C’est un véritable tour de force qu’accomplit Wim Decock en proposant une synthèse claire et fortement charpentée sur un sujet aussi vaste et épineux que le traitement du droit des contrats par la théologie morale catholique de l’âge moderne. Impressionnants par leur masse et leur complexité, les nombreux traités De contractibus ou De iustitia et iure de la seconde scolastique n’avaient encore jamais fait l’objet d’une telle exploration en règle. Le panorama des auteurs et des œuvres dressé dans le deuxième chapitre, des dominicains Cajetan et Vitoria aux jésuites Léonard Lessius et Pedro de Oñate, est particulièrement précieux. De surcroît, l’ouvrage a le mérite de les situer dans une perspective de longue durée, en fournissant sur chaque point étudié un riche aperçu des sources romaines et médiévales et en présentant le prolongement de ces discussions chez Grotius et Pothier, pris comme témoins de l’école du droit naturel.

Comme le montre l’auteur, cette saisie du droit civil par la théologie morale produit une révolution juridique.

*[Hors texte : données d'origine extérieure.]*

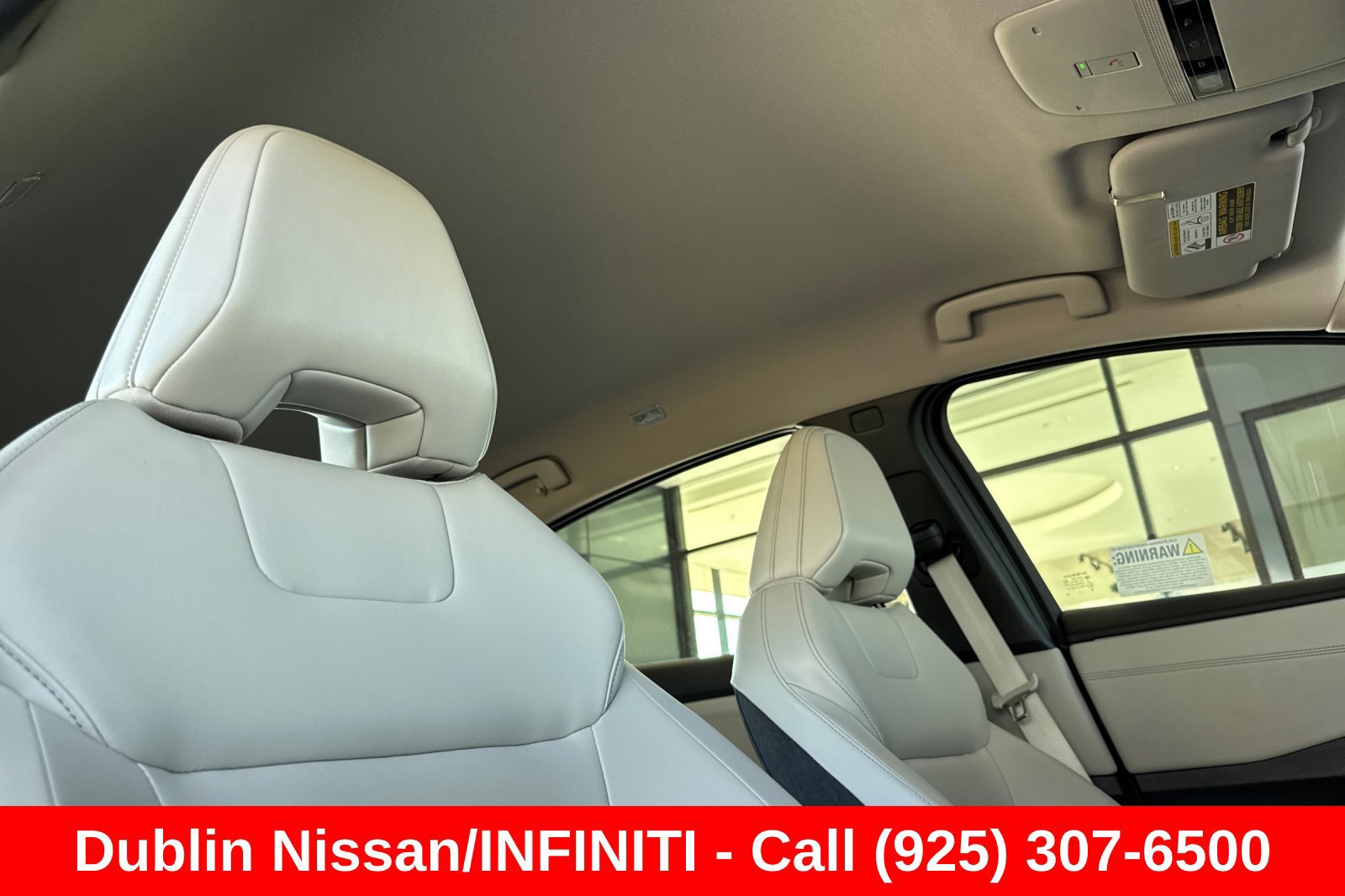 Used 2024 Nissan Ariya AWD image 21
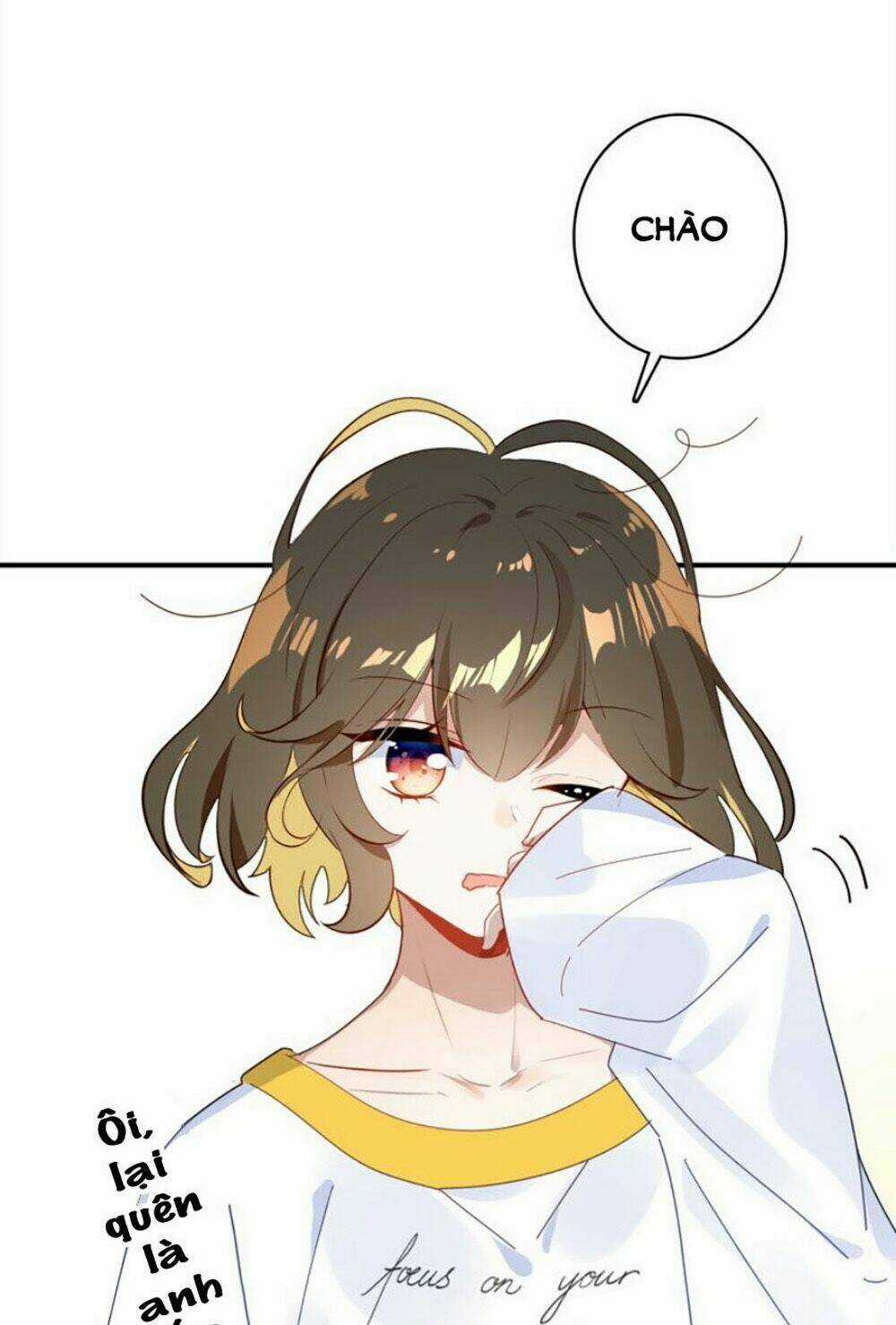 Hoa Hồng Tặng Anh Chapter 10 trang 26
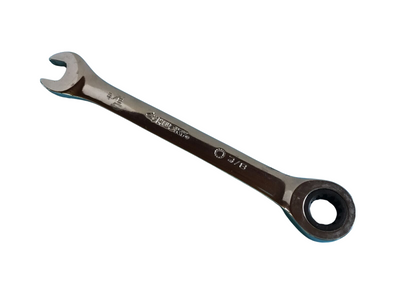 Husky 7/8 in. 12-Point SAE Ratcheting Combination Wrench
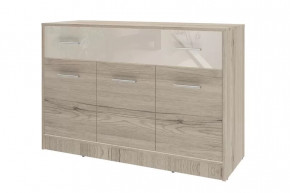 Комод Лациа СТЛ.418.04 в Губкинском - gubkinskij.mebel-tymen.ru | фото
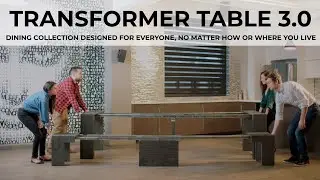 Transformer Table 3.0 Collection KICKSTARTER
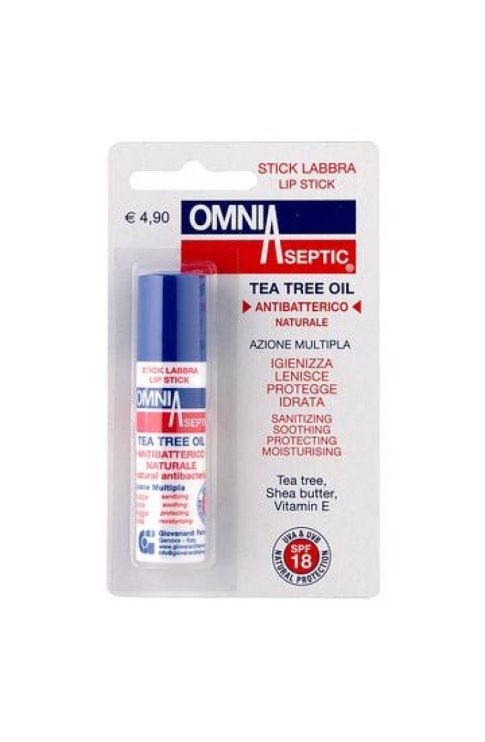 Omniaseptic® Stick Labbra 5,7ml GIOVANARDI 5,7ml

Développant la doctrine, initialement élaborée par le droit canon médiéval, de la validité des pactes en l’absence de toute formalité (pacta quantumcumque nuda sunt servanda), les théologiens modernes ont formulé une catégorie générale du contrat fondée sur le seul consentement éclairé des parties. C’est en cela que tient la « transformation morale » du droit civil européen annoncée dans le titre. La distinction entre obligations morales et obligations juridiques, issue du droit canon médiéval et fortement énoncée par Thomas d’Aquin, s’accompagnait d’une dissociation réelle des deux registres, les romanistes défendant fermement l’autonomie du droit civil. La particularité du moment moderne tient à ce que l’analyse des obligations juridiques se plie dès lors à des critères issus de la théologie morale. La liberté contractuelle n’est pas défendue en tant que principe juridique autonome, mais pour des raisons théologiques, au nom du libre arbitre des contractants. Le droit civil romain se trouve littéralement absorbé et retravaillé par cette doctrine consensualiste. Ce déplacement n’est pas uniquement doctrinal: il est largement entériné par le droit positif des pays catholiques, à commencer par la législation espagnole.

Une fois exposée cette formulation d’une théorie générale du contrat, l’auteur examine les différentes limites posées à l’exercice de la liberté reconnue aux contractants. Au titre des « limites naturelles » sont longuement analysées les casuistiques qui font de la contrainte ou de l’erreur des motifs de nullité du contrat. Si le cas du mariage est ici central, c’est la question des testaments nuncupatifs qui domine le débat sur les « limites formelles » posées à la liberté des contractants, tandis que la prostitution fournit la pierre de touche des discussions sur les restrictions liées à l’immoralité de l’objet du contrat. Après avoir fait ressortir la richesse et la diversité des positions adoptées sur ces points, le septième chapitre aborde ce qui constitue l’élément distinctif de cette «transformation » qui impose que l’acte juridique lui-même soit moralement qualifié. La liberté de contracter défendue par les théologiens a pour corrélatif le souci de l’équité de la relation contractuelle. C’est évidemment le juste prix qui est alors au centre de l’attention. En conclusion de son ouvrage, W. Decock revient de façon plus synthétique sur les thèmes qui parcourent l’ensemble du livre, que ce soit la tension entre liberté et justice ou la compétition entre cette doctrine morale qui scrute les consciences et le droit civil positif. La dernière section souligne l’originalité de cette...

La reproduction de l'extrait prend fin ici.